Sobre las novedades literarias diría que los temas son recurrentes y las estructuras se repiten casi hasta la saciedad. Pero también es cierto que se editan muchos libros cada año. En medio de ese entorno editorial tan saturado, encontramos el destello de algunos libros que sí lograrán superar la criba del tiempo, y que, aportando novedad, se apoyan también en la tradición literaria. Son muchos los autores que a lo largo de la historia de la literatura han poetizado el tedio de la existencia. Algunos de ellos, como Baudelaire, Valéry, Pessoa o Cernuda, forman parte de esa familia literaria que yo misma tomo como referencia a la hora de escribir.

Si las “cuatro direcciones sustentan un mismo vacío”, ¿Hacia dónde dejarse ir?

Si acaso hacia donde sopla el viento que nos mantendrá a flote un poco más de tiempo. Aunque considero que ningún viento es favorable para quien no sabe a dónde se dirige. Al menos eso sucede en el cuento “El hombre-cometa”, que es una metáfora de la quiebra de identidad del sujeto contemporáneo en el anonimato y el caos de las grandes urbes.

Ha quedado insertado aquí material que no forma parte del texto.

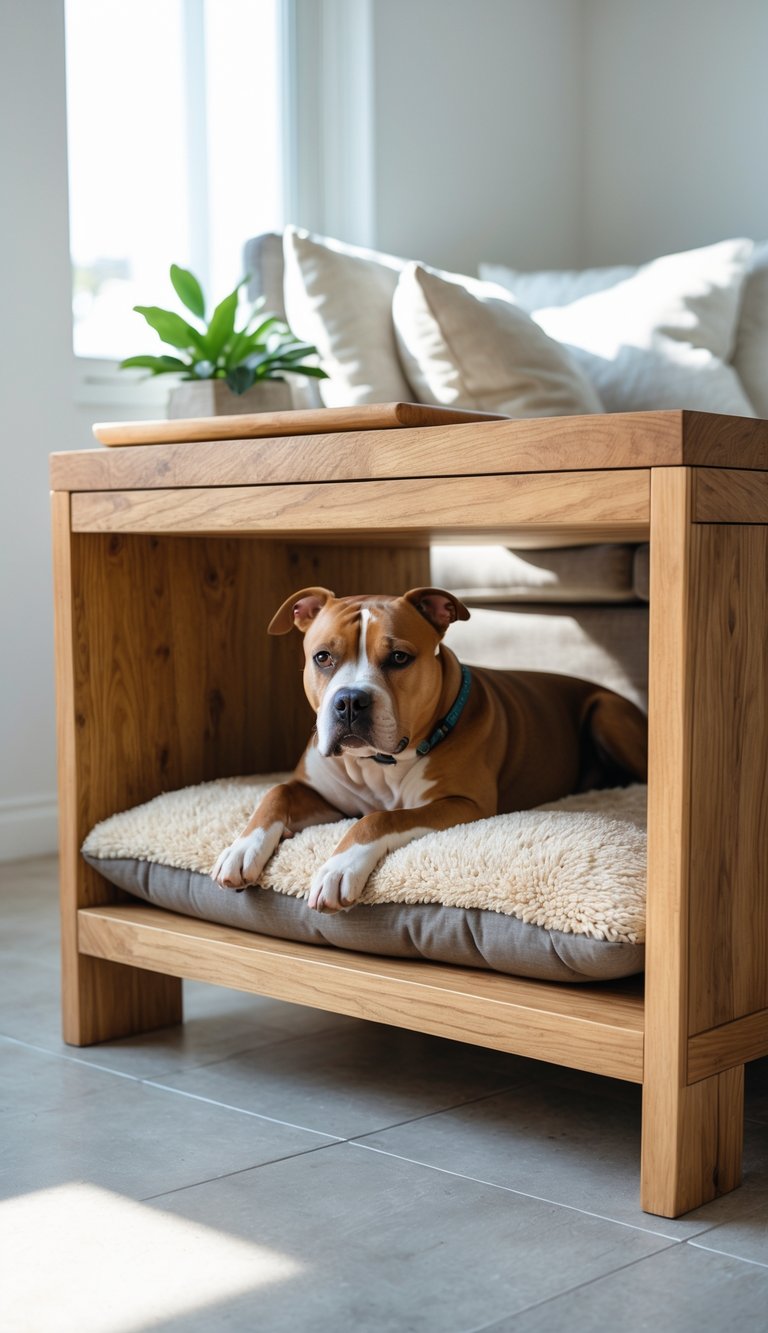 A pitbull dog resting comfortably on a cushioned bed built into a wooden end table in a bright living room.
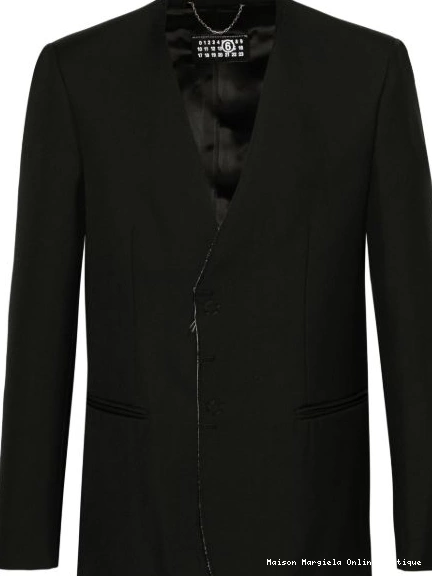 Affordable blazer single-breast Men Margiela MM6 collarless Maison 0214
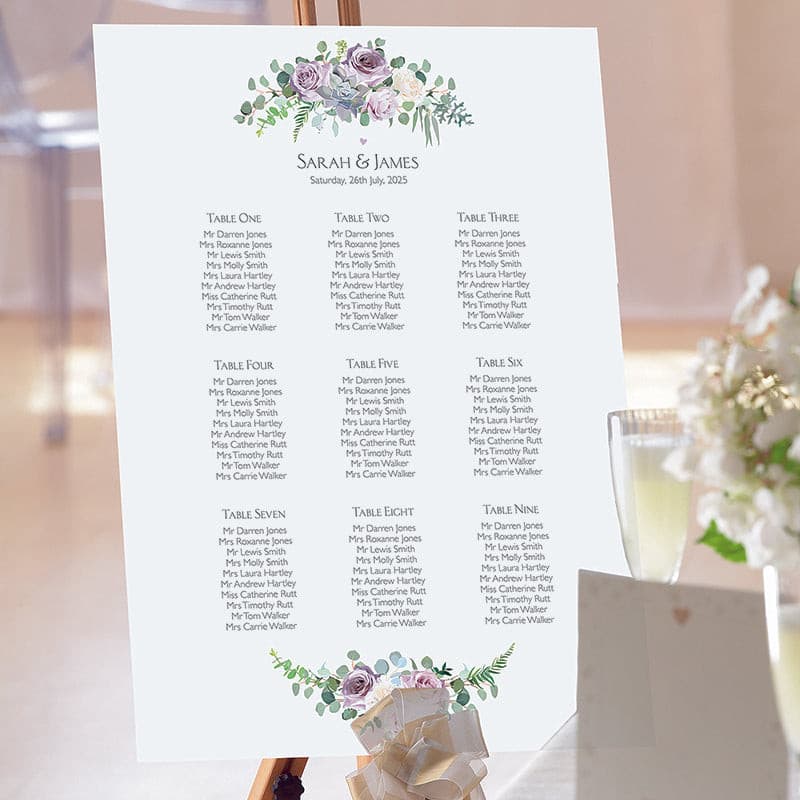 Dusky Violet Roses Wedding Table Plan.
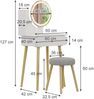 Schminktisch Edda Weiß 60 cm mit LED-Spiegel und Hocker Vicco Bild 3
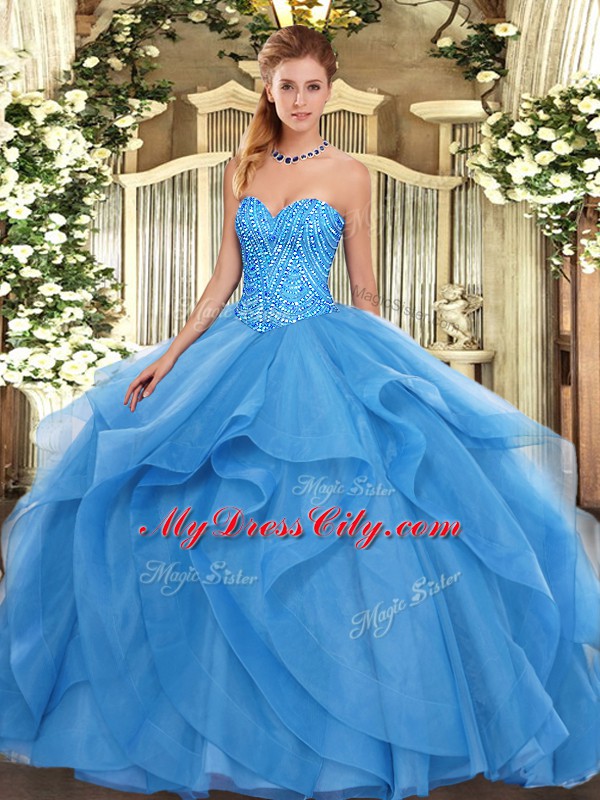 Gorgeous Sleeveless Floor Length Beading and Ruffles Lace Up Sweet 16 Dress with Baby Blue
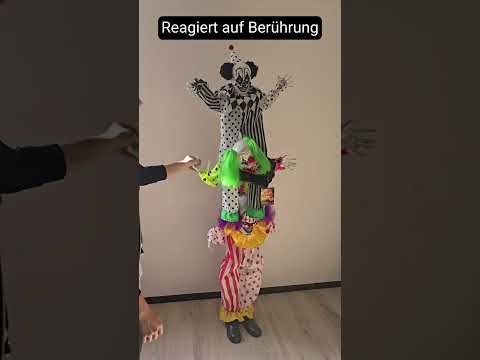 Clown Deko Akrobaten 180cm animiert mit Bewegungsmelder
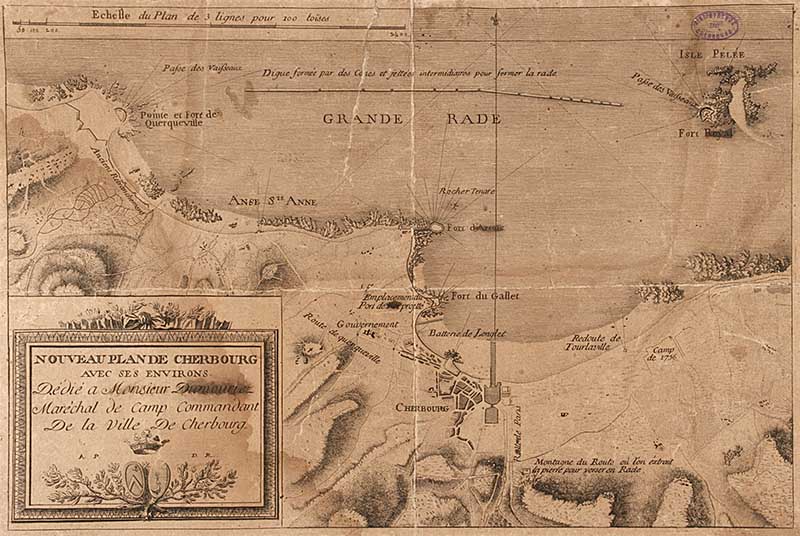 Nouveau plan de Cherbourg avec ses environs dédié à M. Dumouriez.- Gravure, 32,3 x 21, 5 cm, s.d. (Bibliothèque municipale, Cherbourg-Octeville. Boîte PF4).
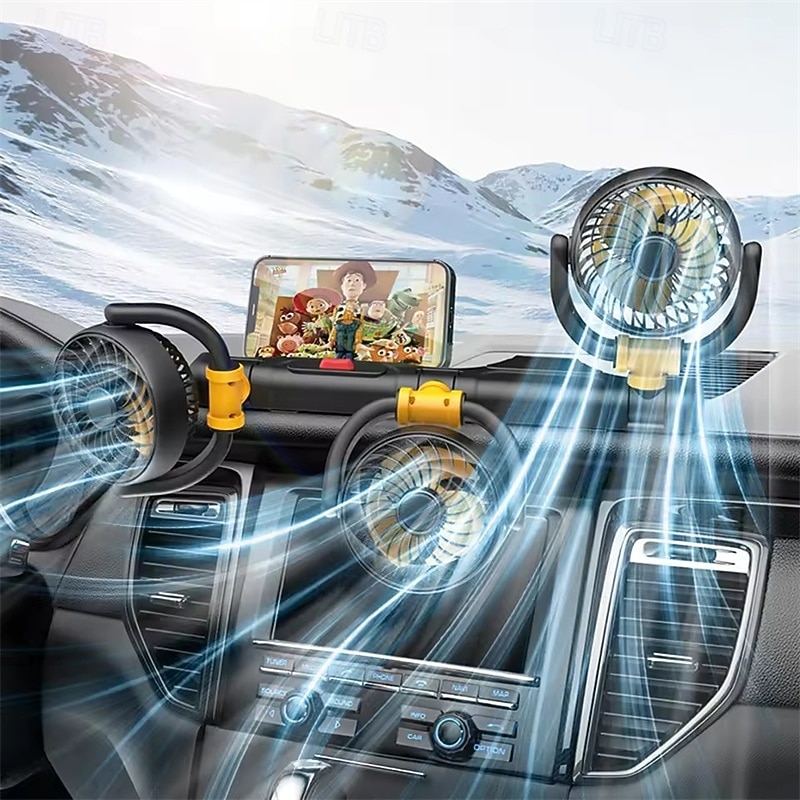 Ανεμιστήρας αυτοκινήτου τριπλής κεφαλής, ανεμιστήρας ψύξης οχήματος 12v 24v με τροφοδοσία USB 3 κεφαλών για ταμπλό, περιστρεφόμενος 360° ισχυρός, ήσυχος αυτόματος κυκλοφορητής αέρα για φορτηγό SUV RV 2026 - $68.99 –P2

Búhos, lechuzas, palomas… el libro parece un Arca de Noé, pero hay una insistencia en el blanco de algunos animales, un elefante blanco y una loba blanca. ¿Por qué has decidido que sean tan importantes para la trama?

Surgieron de manera inconsciente durante el proceso de escritura. No son animales a los que rescatar, como en el Arca de Noé, sino más bien que nos rescatan. En el caso del elefante blanco –y, además, sin trompa- de “Desequilibrio exacto” refleja lo frágil, lo quebrado del mundo. La loba blanca de “La soledad más plena” vendría a ser metáfora del ímpetu que proporciona el deseo. 

Jugar ¿es lo único que puede vencer la pereza que provoca el mundo? 

En el relato “La inconsistencia de las cosas” al que aludes, lo único que rescata a su protagonista de un miedo paralizante a la nada disolvente -que para que pueda entrar en escena toma la forma de una niebla densa, cegadora-, es observar cómo una pareja juega, se divierte, totalmente ajena a esa amenaza. Quizá no sea la única manera, pero un modo de superar la inercia que asemeja un día a otro día, en la que nos sentimos poco más que simples engranajes de una maquinaria, sea desplegar el imaginario y dejarnos llevar por nuestros impulsos más lúdicos.